__About this task__.
Retype each record below word for word. Leave the pictures out.

__Saved data entries__.
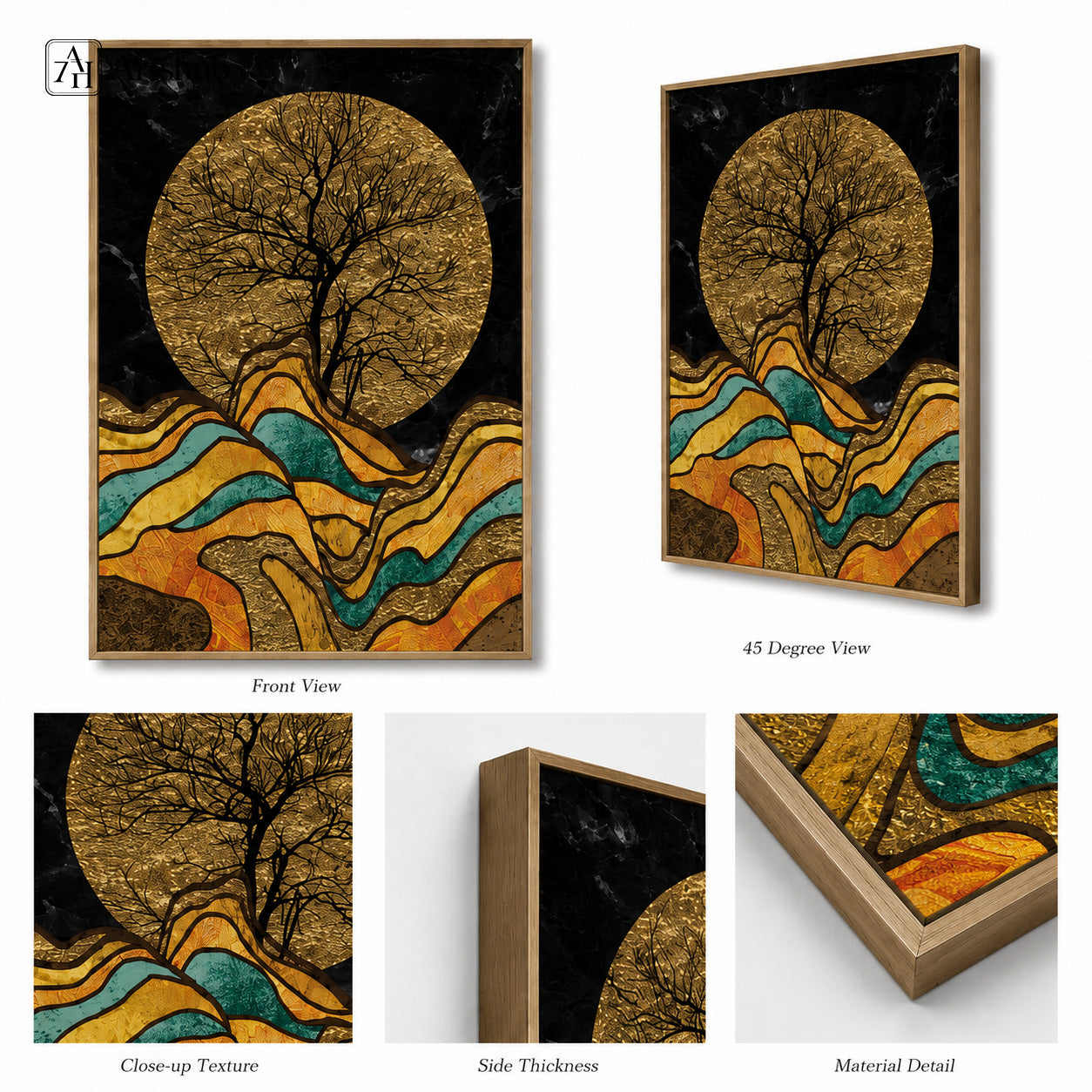 Artshub Moonlit Majesty framed canvas front view 45 degree angle close-up texture and material detail gold moon tree black marble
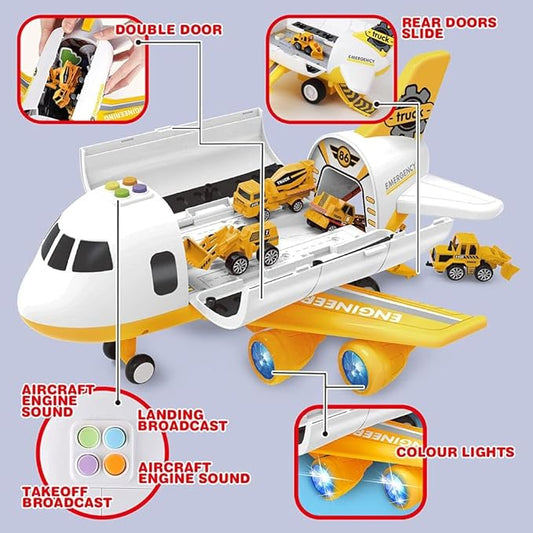 Dwi Dowellin Construction Toy Airplane Set/Play Mat,Excavator,Bulldozer,Mixer,Dumper Truck,Forklift,Crane,Alloy Metal Car Toys for 3 4 5 6 Years Old Toddlers Kids Boys & Girls(Large)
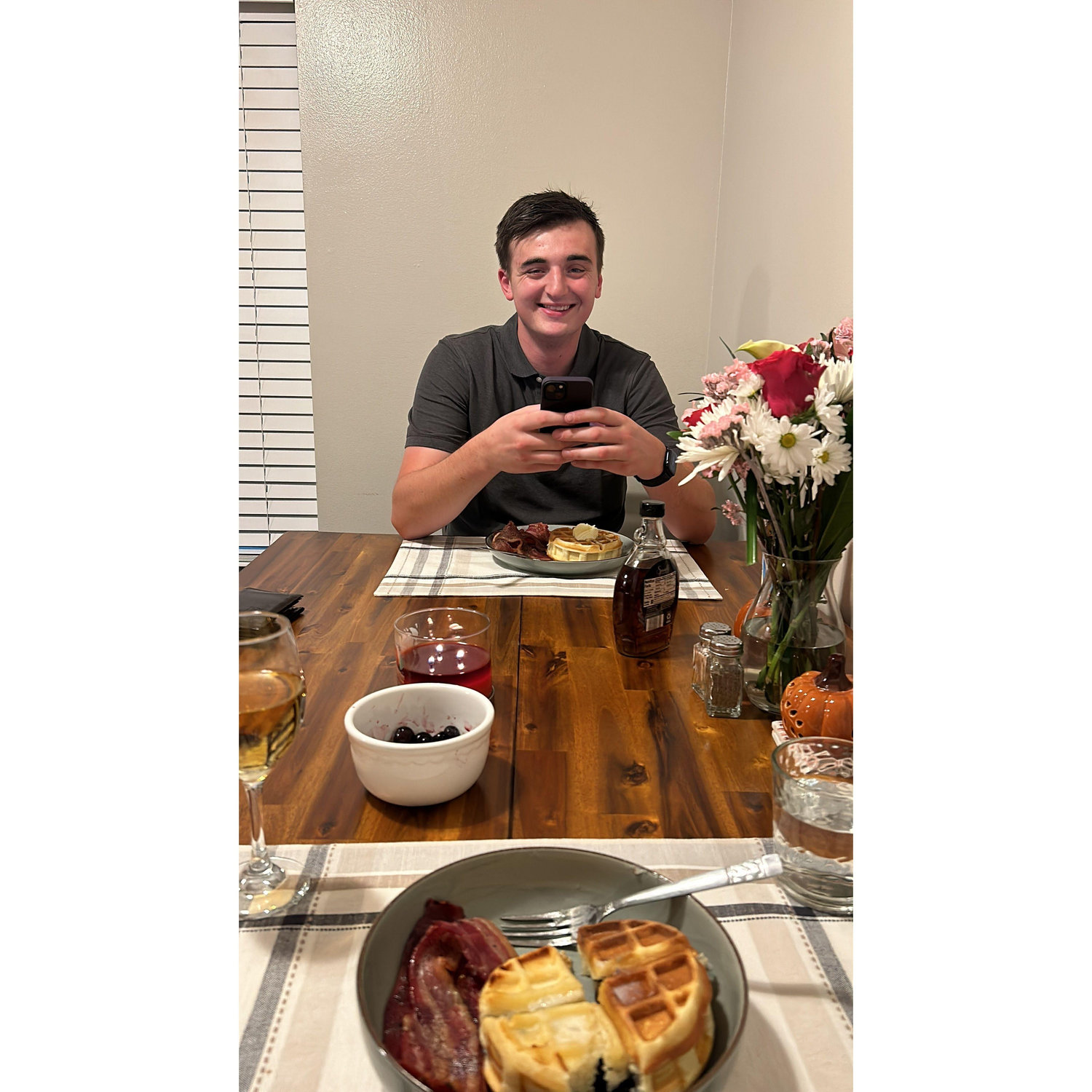 Dinner in our apartment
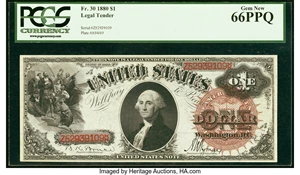 image for: Fr. 30 $1 1880 Legal Tender PCGS Gem New 66PPQ....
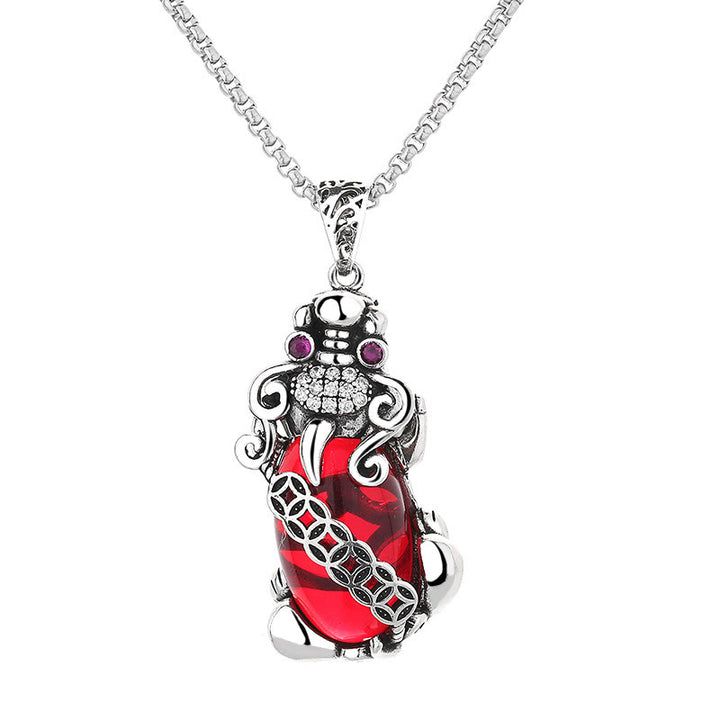 Buddha Stones PiXiu Garnet Copper Coin Wealth Luck Necklace Pendant - image 5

__Completed exercise__.
 Artshub Moonlit Majesty framed canvas front view 45 degree angle close-up texture and material detail gold moon tree black marble
 Dwi Dowellin Construction Toy Airplane Set/Play Mat,Excavator,Bulldozer,Mixer,Dumper Truck,Forklift,Crane,Alloy Metal Car Toys for 3 4 5 6 Years Old Toddlers Kids Boys & Girls(Large)
 Dinner in our apartment
 image for: Fr. 30 $1 1880 Legal Tender PCGS Gem New 66PPQ....
 Buddha Stones PiXiu Garnet Copper Coin Wealth Luck Necklace Pendant - image 5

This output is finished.